Getting there to turn the frustration into peace is a skill.
A worthy interjection: most people are either blind to the need to address their frustrated attitudes or they’re defiant, demanding the world change for them. Of course, this is insane thinking. Still, that’s average humanity.
Instead of the default there’s a better, smarter option. It involves using the higher mind. That is, the ability to pause and think as the moments occur—a learned skill of sacrificial patience. Rather than reacting without thought (using the lower mind), engendering a seconds-later regret, it’s better to wait, and even to be perceived as being a little slow.
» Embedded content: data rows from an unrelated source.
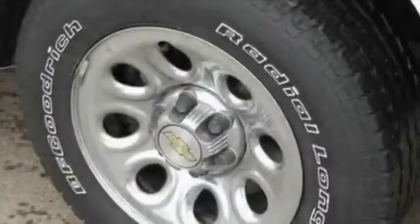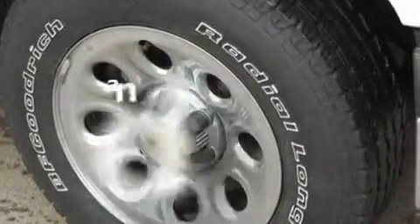Additional features include a passenger side vanity mirror, dusk-sensing headlights, 12-volt power outlets, and this vehicle has fewer than 59,000 miles on the odometer.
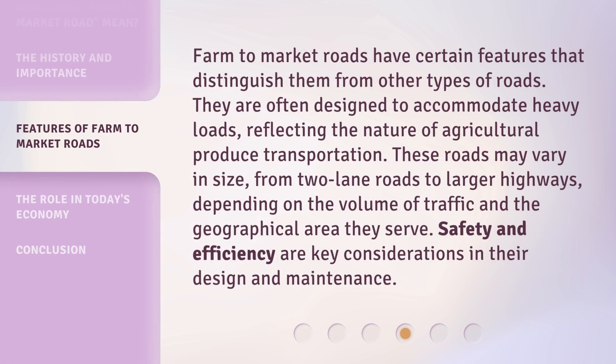Farm-to-market roads have certain features that distinguish them from other types of roads. They are often designed to accommodate heavy loads, reflecting the nature of agricultural produce transportation. These roads may vary in size, from two-lane roads to larger highways, depending on the volume of traffic and the geographical area they serve. Safety and efficiency are key considerations in their design and maintenance.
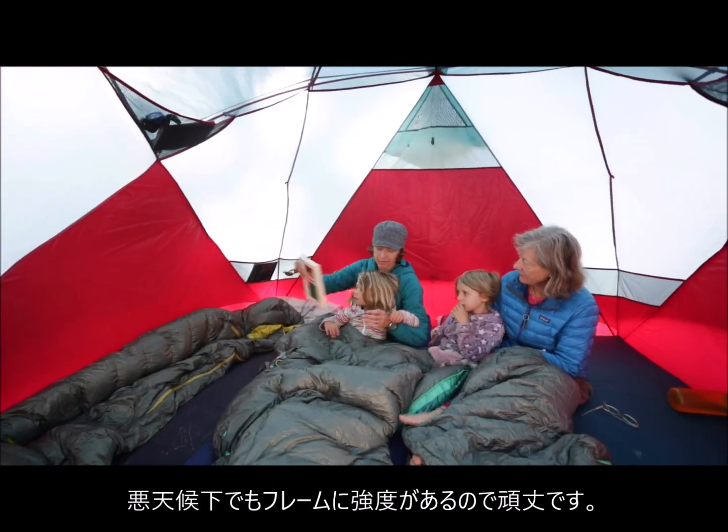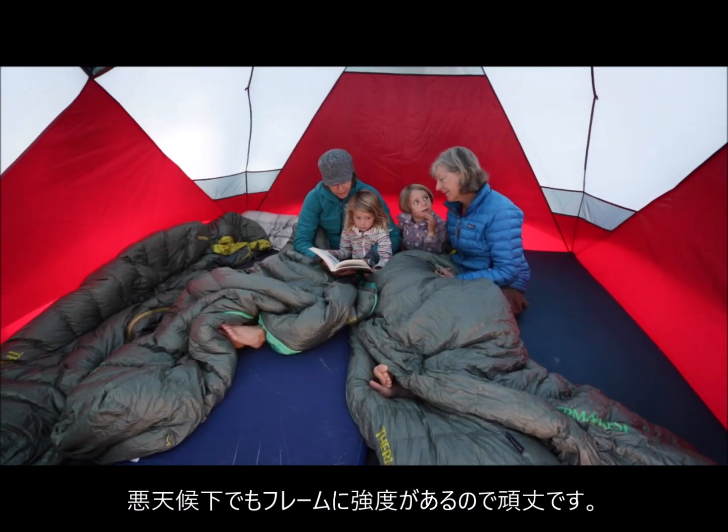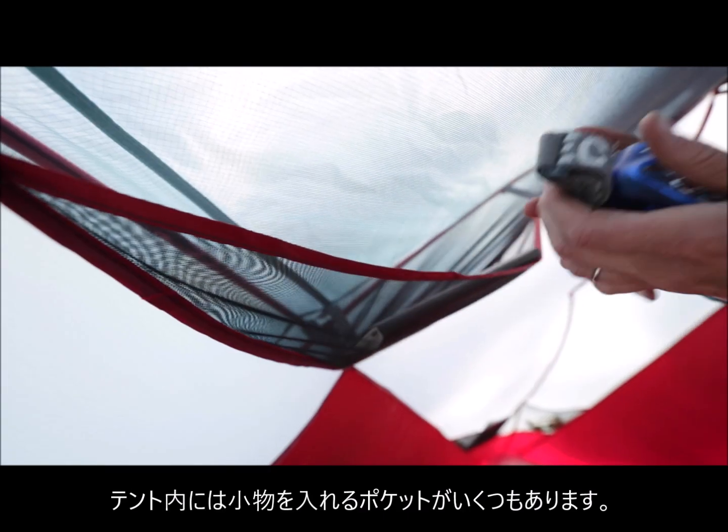When the weather hits, the strong frame creates a super sturdy retreat against the elements. And stuff pockets for everyone keep small items organized.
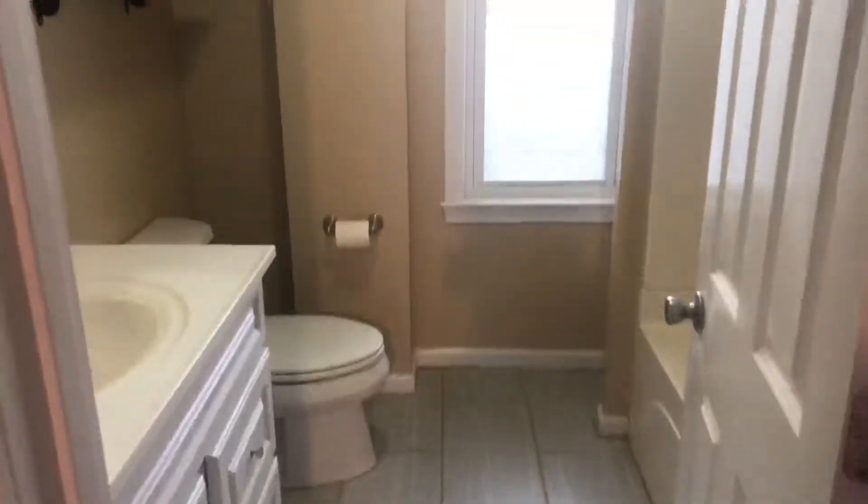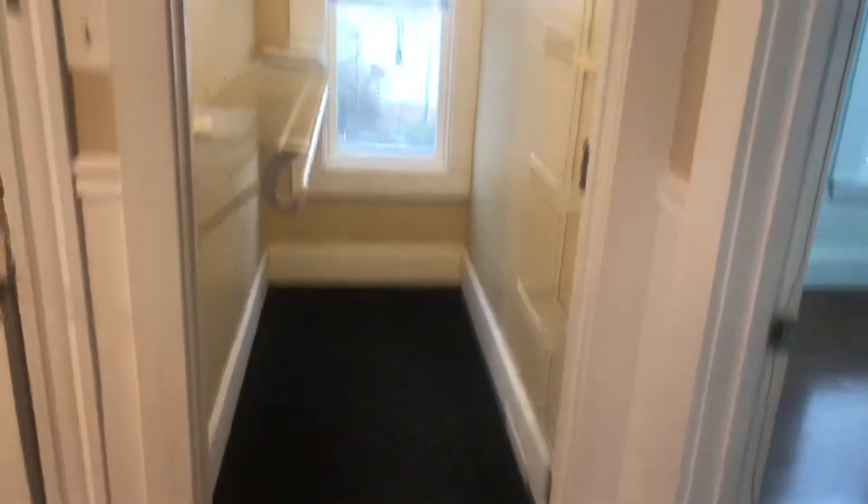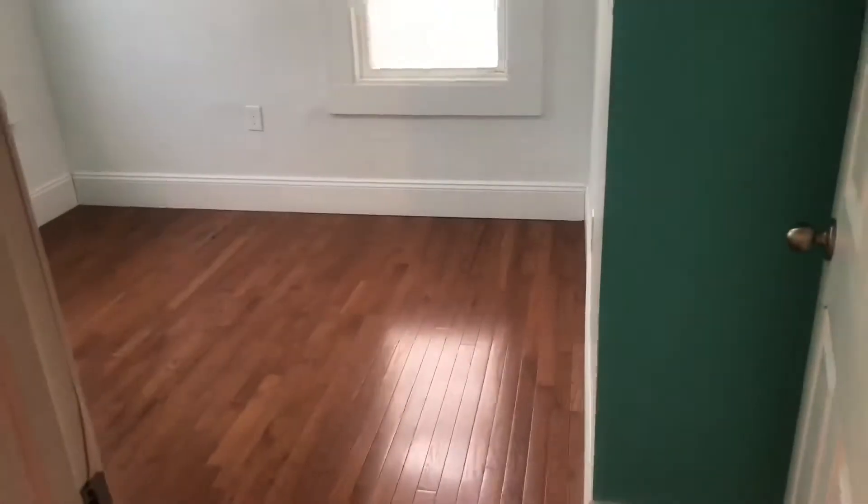The bathroom has full tile and a full tub and shower surround. There is a little closet off the kitchen that acts as the closet for the second bedroom, which has nice shaded windows and full hardwood floors.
From Responding to Creating
As emotional room is freed up by the use of wise and constructive thought processes, through not seeing circumstances as offensive but just as they are, that positive energy can be translated into space for creative response.
This is equated to confidence because peace is witnessed as a personal benefit from conquering the situation.
Any negative that’s really well handled provides the springboard for a responsive positive.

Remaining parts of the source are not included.